De la R & D pour d’autres besoins de mobilité
Ce financement est entièrement tourné vers un projet de R & D. Anod a déjà mis au point une technologie de vélo électrique hybride, capable de se recharger lors du freinage. Pour ce faire, le moteur se transforme en dynamo capable de générer de l’énergie. L’électricité est ensuite stockée par des supercondensateurs, qui la restituent lors du redémarrage. De plus, le vélo est équipé d’une petite batterie, capable de rentrer dans une poche de jeans et rechargeable par USB-C comme un smartphone.

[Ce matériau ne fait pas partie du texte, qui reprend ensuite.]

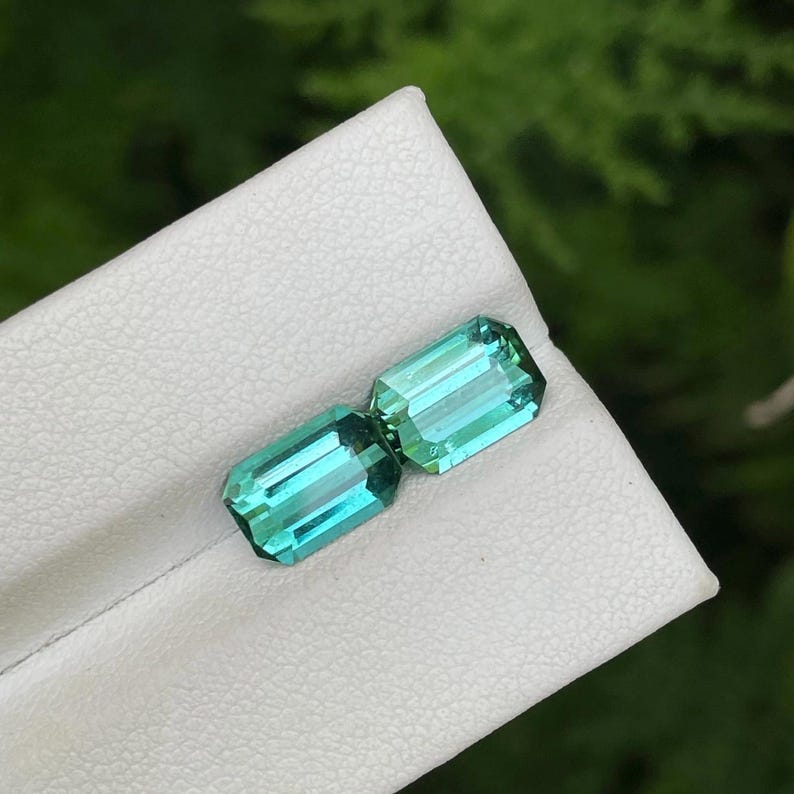 May include: Two rectangular, teal-colored gemstones with a bright, reflective surface. The gems are set on a white surface, with a blurred green background. The gems have a rectangular cut with visible facets.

"Cette première technologie est dédiée à une pratique de vélos urbains, pour aller au travail par exemple. Nos utilisateurs feront moins de 20 km par jour. Dans ce cas, la mini-batterie que nous avons mise au point suffit", relève Arnaud Malrin. L’objectif d’Anod, fondée en 2022, est aujourd’hui de travailler en parallèle sur d’autres champs de la mobilité, comme les vélos-cargos ou les déplacements de logistique à vélo, qui ont besoin d’une autonomie plus élevée. "Nous travaillons aussi à développer une chaîne de traction plus durable, et avec un système de stockage plus propre, en utilisant par exemple d’autres matériaux", pointe Arnaud Malrin.
Une production qui démarre
La start-up a implanté l’année dernière sa première usine à Fontenay-le-Comte, en Vendée. Le lancement de la production est prévu pour début 2025. "Nous démarrerons doucement, avec un peu plus de 1 000 vélos assemblés en 2025, puis une montée en cadence progressive pourra suivre", ajoute le dirigeant. La société, qui compte aujourd’hui 15 salariés, dont une dizaine sur son site vendéen, planifie quelques recrutements supplémentaires pour accompagner la mise en marche de l’usine. La distribution débutera en ligne principalement, puis dans un second temps via différents magasins partenaires.
Le coût des premiers mois de production sera en partie absorber par les opérations de précommandes. Cela n’empêche pas l’entreprise de planifier de lever des fonds dans les mois à venir pour soutenir cette montée en cadence. Et Arnaud Malrin compte bien sur la crédibilité apportée par France 2030 pour convaincre des investisseurs aujourd’hui plus réticents.